* Instructions for the task
The lines in the listing below are to be given again exactly, starting at the line holding "WOODEN TABLE + 6 CHAIRS 1" and ending at the line holding "TRADER JOE'S Honey". Do not include pictures.

* The records
------------------------------------------------

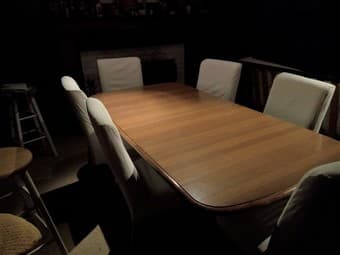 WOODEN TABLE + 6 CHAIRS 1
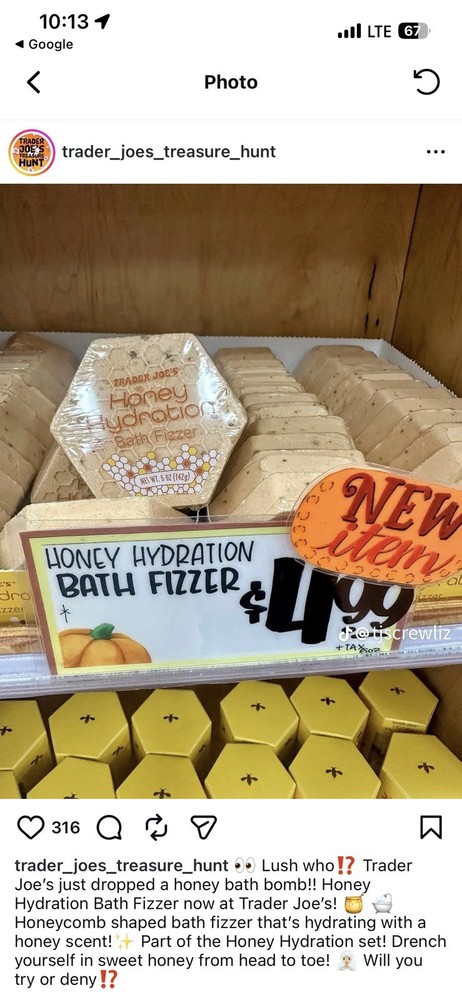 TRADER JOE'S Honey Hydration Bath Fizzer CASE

------------------------------------------------

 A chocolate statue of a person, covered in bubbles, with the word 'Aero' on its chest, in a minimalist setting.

------------------------------------------------

* Written solution
 WOODEN TABLE + 6 CHAIRS 1
 TRADER JOE'S Honey Hydration Bath Fizzer CASE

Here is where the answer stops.